4章: 設備補助金等、全てを控除すると
買取価格は約10円/kW時切り下がる
この30円/kW時の買取価格から、控除すべき項目が2つある。『WEDGE』2012年12月号の拙稿で指摘した、①設備投資補助金9.5億円、および②未利用材チップ価格が調達委での12000円/トン(発電所着、水分率40%)ではなく、8000円/トンであった場合だ。

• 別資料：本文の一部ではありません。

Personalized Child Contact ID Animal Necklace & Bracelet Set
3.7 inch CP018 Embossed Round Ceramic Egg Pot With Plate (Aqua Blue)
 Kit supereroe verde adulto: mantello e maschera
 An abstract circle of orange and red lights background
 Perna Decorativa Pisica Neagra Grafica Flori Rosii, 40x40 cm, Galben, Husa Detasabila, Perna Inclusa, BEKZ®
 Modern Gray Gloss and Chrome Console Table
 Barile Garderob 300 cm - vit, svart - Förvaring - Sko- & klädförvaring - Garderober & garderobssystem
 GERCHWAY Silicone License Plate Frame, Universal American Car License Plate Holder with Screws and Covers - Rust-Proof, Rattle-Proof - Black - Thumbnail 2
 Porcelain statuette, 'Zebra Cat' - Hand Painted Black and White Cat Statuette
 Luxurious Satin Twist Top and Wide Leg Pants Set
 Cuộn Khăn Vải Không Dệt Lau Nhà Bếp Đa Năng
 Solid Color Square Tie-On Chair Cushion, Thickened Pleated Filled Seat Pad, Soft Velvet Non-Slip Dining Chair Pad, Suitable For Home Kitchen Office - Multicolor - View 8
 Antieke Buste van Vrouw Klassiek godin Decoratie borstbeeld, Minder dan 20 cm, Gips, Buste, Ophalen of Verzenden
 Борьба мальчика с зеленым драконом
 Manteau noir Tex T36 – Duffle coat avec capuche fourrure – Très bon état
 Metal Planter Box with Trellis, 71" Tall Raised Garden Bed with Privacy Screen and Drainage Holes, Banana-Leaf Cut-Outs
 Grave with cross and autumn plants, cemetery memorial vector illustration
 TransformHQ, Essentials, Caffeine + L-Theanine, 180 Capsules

これらを控除した場合の買取価格を図4に示す。設備補助金(9.5億円)を建設費(初期投資)から控除すると27円/kW時、燃料費(未利用材チップ価格)が8000円/トンの場合は24円/kW時である。両方を控除すると21円/kW時になり、調達委が査定した「32円/kW時」から、約10円/kW時切り下げられることになる。
5章: 問われる価格設定の透明性と
効率的な再エネ供給のあり方
賦課金は電気料金に加算されるので、事業者は嘘のない説明が求められるし、調達委には適切な査定が求められる。しかし、『WEDGE』12月号の拙稿(「固定価格買取制度の限界 コストは査定できるのか」)で明らかにしたように、調達委による査定は機能しなかった。
問題は多岐にわたるが、(言い値の根拠になる)提出資料の査定もあやふやでは、改善の見込みもない。最低限、査定の透明性の確保に向けて、調達委は、稼働率等の買取価格を再現するために必要な計算諸元を整理し、価格設定の根拠をエクセルシートで公開する等で、透明性の確保に全力を尽くすべきだ。